You Simply Cannot Focus on Your Breath for an Hour Without an Extremely Good Reason

If you can focus on a movie for two hours, why in the world can't you focus on your breath for even two minutes? Well, this could be it.

The Mind Illuminated

Culadasa is a meditation teacher who recently published a compelling and systematic guidebook to meditation.  One important contribution of this book is its explanation of the link between meditation and motivation. It’s easy to see that meditation cultivates our skill in directing attention. This is important, yet it’s also not the whole picture. Meditation is also an opportunity to cultivate the various motivational forces governing our minds. In fact, progress in meditation depends crucially on working with motivation.

Consider the experience of watching an engaging film versus watching the breath. Many can direct unwavering attention to a film for two hours with minimal effort and yet struggle to pay attention to the breath for even two minutes. The film is captivating—artfully designed to unlock our intrinsic motivations and keep us rapt. As the product of years of effort and potentially hundreds of millions of dollars, a great film is an exception in a world that barely holds our attention at all. The breath, on the other hand, can seem rather boring. It’s easy enough to pay attention to the sensations of breathing for a few seconds, but it’s not long before we start to drift away.

Culadasa suggests that the natural tendency for attention to fluctuate is a product of evolution and diminishing marginal returns. To relate effectively to our environment, it helps to be aware of the many things occurring around us. After having focused your attention for a few seconds to the horizon, you’ve seen what there is to see for now. And so attention fluctuates between sights, sounds, tastes, scents, sensations, and thoughts—constantly updating our awareness of the world within and around us.  

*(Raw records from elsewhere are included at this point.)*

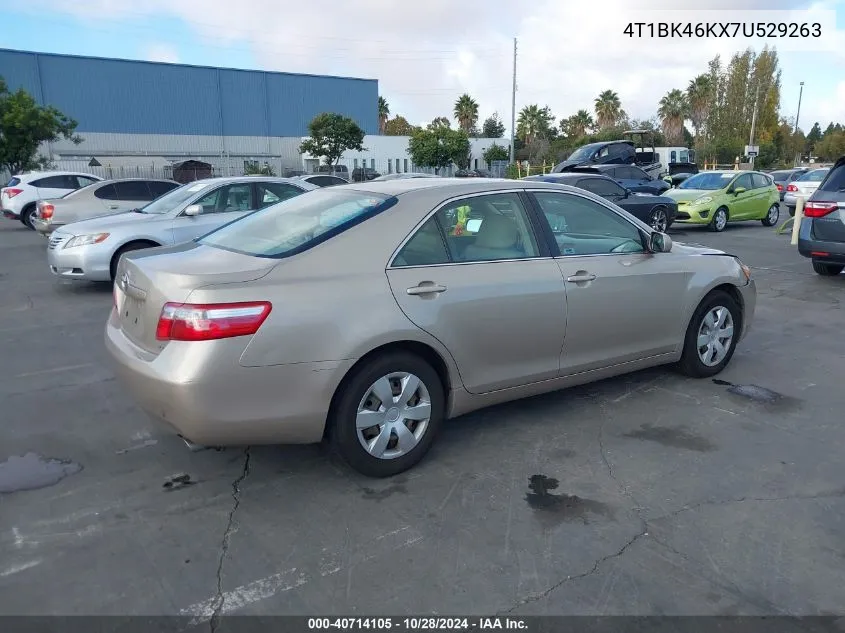 2007 Toyota Camry Le V6 VIN: 4T1BK46KX7U529263 Lot: 40714105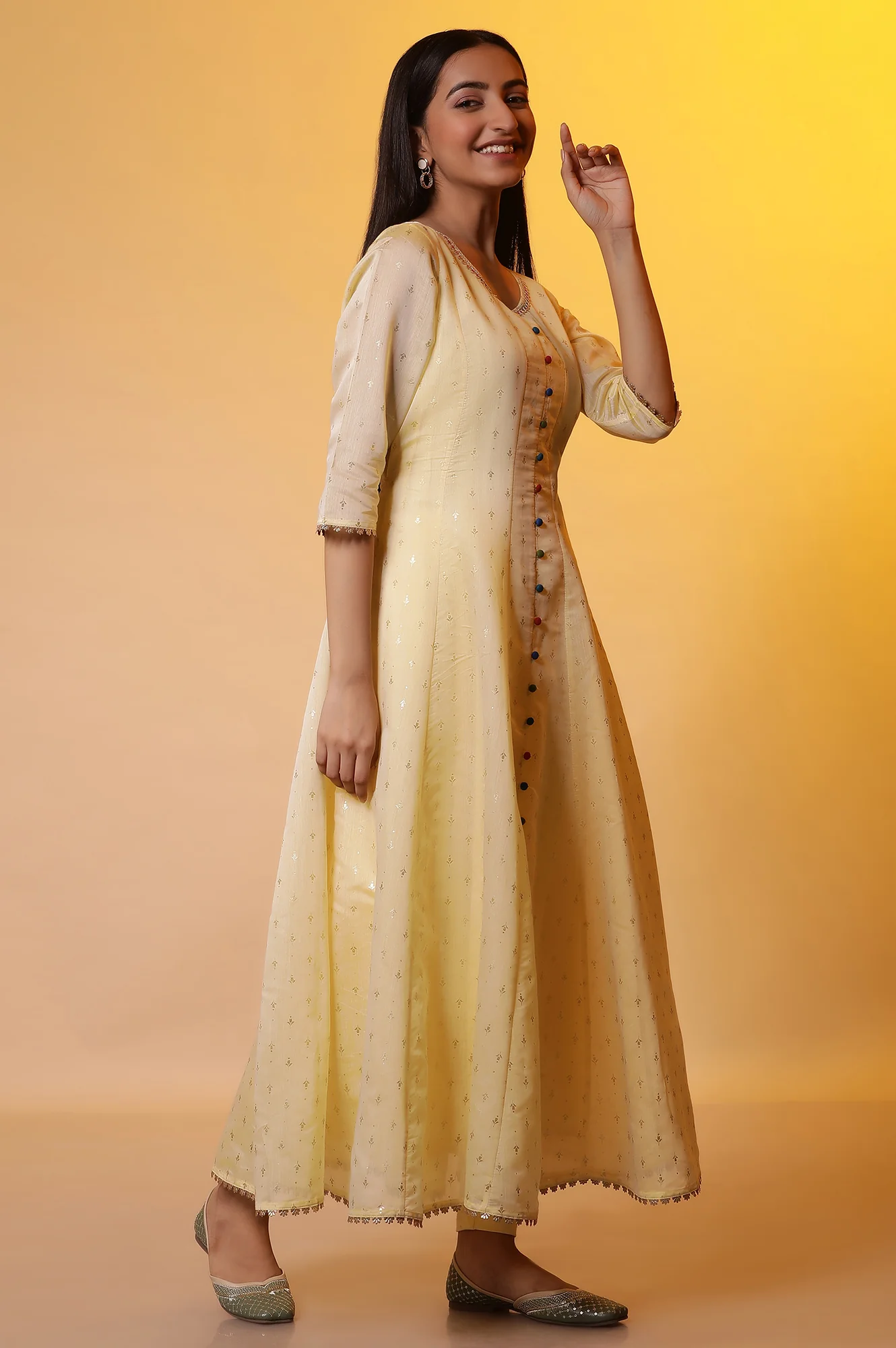 Yellow Embellished Anarkali Kurta, Tights and Dupatta Set - Image 5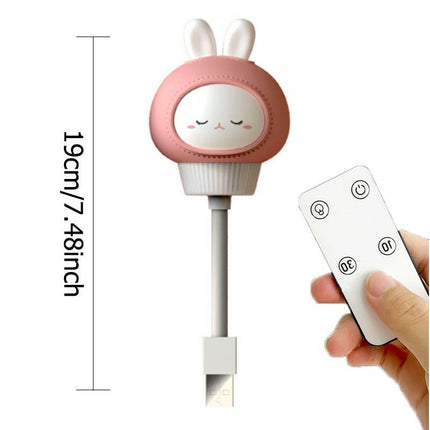 Mad Fly Essentials 0 Rabbit with Remote USB Cartoon Cute Night Light With Remote Control Babies Bedroom Decorative Feeding Light Bedside Tabe Lamp Xmas Gifts For Kids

For the mind to stay focused on the breath for an hour, it will need an extremely good reason. You have to provide it. Culadasa suggests a couple strategies that I wholeheartedly recommend:

First, take some time at the beginning of every meditation to recount your reasons for meditating.

Culadasa recommends that you embrace your reasons whatever they may be. I would go further to suggest that you should actively develop a compelling list of reasons. I use a process called associative conditioning where I reflect on all the most important ways I stand to gain from developing my meditation practice. In both the short and long-term, what joys and pleasures will arise? What pains and challenges will be avoided? Take some time outside of meditation to get very clear about all this. Ideally, you would craft and memorize a couple sentences that are imbued with all the excitement and emotion you can generate around meditation—then recite these to yourself every time you practice to reconnect with your conviction to practice wholeheartedly.

Second, stay attuned to the pleasure and joy of meditation.

Meditation is not always enjoyable, but it has produced some of the happiest moments of my life. The more effectively you practice, the more you enjoy it. The joy and calm you experience during meditation can then accelerate your progress. Not only do they encourage you to keep meditating, but the pleasure itself begins to naturally capture your attention. Ajahn Brahm describes this as the beautiful breath, which becomes so beautiful and enjoyable that you cannot help but pay attention to it. Noticing, embracing, and even fostering this enjoyment will help you cultivate a powerful motivation that will deepen your practice.